A collaborative effort between Jamestown Public Schools and the Jamestown YMCA helped students to learn about water safety.
On Wednesday, second-graders from Ring Elementary School participated in the Y's Aquatic Safety Day to learn ways to help themselves and others around water and ice.
The program was hosted at the Y's upper pool, where the students learned about three distinct water-safety components: rules and personal safety, helping others, and boating safety. The two-hour program was chiefly run by Jason Chinni, aquatics director, and Maria Roehmholdt, assistant aquatics director.
Students wearing lifejackets prepare to jump in and experience how they work firsthand.
P-J photo by Gavin Paterniti
According to Roehmholdt, who is also the ASD program coordinator, collaboration with JPS for the program is in its fifth year.
"Every second-grader in (JPS) comes through," she said. "The Y pays for the program itself, and the school district pays for the busing to come here. They send (the students) in, and we teach them every aspect of water safety, (such as) rescues and boating safety. We stress that they can't jump in, it's only lifeguards, and adults should always be present."
During the program, students learned that they should never jump in a body of water to attempt to save somebody. Rather, they were taught to employ items on-hand to retrieve someone from the water, such as poles or flotation devices of any kind. The students were then divided up into groups before getting in the water themselves to experience these rescue techniques firsthand.
Roehmholdt said the concept behind the ASD program came about through a personal experience she had.
"I had one of my kid's friends in my backyard, who jumped in (the pool) with his lifejacket on, because he was terrified of the water," she said. "And I had to jump in and rescue him, because he was absolutely terrified even with the life jacket. At that point, I said, 'We have to do something, because there are too many kids that are not exposed to water.'"
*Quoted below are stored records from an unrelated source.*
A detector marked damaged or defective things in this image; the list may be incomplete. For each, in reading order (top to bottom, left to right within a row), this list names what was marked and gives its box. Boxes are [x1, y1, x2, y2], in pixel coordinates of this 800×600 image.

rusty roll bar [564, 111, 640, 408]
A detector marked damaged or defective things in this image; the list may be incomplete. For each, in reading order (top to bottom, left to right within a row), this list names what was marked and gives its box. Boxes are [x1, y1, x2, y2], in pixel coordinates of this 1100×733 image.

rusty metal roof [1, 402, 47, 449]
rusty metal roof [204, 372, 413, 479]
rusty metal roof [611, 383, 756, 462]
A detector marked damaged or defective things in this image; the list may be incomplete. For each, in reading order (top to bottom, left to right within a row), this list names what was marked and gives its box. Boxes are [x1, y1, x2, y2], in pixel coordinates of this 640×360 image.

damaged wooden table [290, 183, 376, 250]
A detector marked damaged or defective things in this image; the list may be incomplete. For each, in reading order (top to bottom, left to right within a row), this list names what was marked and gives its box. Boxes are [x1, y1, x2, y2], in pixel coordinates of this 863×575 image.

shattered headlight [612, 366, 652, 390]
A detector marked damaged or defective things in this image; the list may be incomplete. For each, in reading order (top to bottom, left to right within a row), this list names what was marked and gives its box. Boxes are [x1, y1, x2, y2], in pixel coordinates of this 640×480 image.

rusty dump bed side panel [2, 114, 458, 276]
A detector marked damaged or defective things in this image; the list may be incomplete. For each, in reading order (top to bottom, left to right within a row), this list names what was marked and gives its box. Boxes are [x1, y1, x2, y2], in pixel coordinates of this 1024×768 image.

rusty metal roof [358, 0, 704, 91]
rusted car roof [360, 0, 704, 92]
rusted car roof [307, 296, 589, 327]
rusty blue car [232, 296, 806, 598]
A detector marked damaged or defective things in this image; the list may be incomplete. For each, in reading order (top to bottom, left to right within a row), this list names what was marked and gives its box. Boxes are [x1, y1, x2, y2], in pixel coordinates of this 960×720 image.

She added: "We've discovered that about 85 to 90 percent of the kids that come through don't know how to swim, have never been exposed to the water and don't have any clue what to do if something were to go wrong. So, as a safety aspect, this is their exposure. And with water being so close in Chautauqua County, it's all over the place."
The students also donned lifejackets to experience for themselves how they work. A rowboat was also implemented to demonstrate boat safety and what to do if someone falls overboard.
Marcella Centi, a second-grade teacher at Ring, said the ASD program provides her students with valuable information they would not otherwise receive.
"(The Y) is wonderful to work with," she said. "It's probably the easiest field trip, from our end, to plan, and the program itself is phenomenal. I've seen kids come in that are petrified of the water, and (Jason) has just this magical way about him that gets them in the water, and soothes some nerves and teaches them some wonderful things. It's not necessarily (teaching) swimming, it's what to do to be safe around water."
At the end of the program, the students received participation lanyards, a booklet outlining for parents what the students learned and a coloring book reiterating safety techniques for the students.
By the end of the school year, the ASD program will have educated 1,400 JPS students about water safety.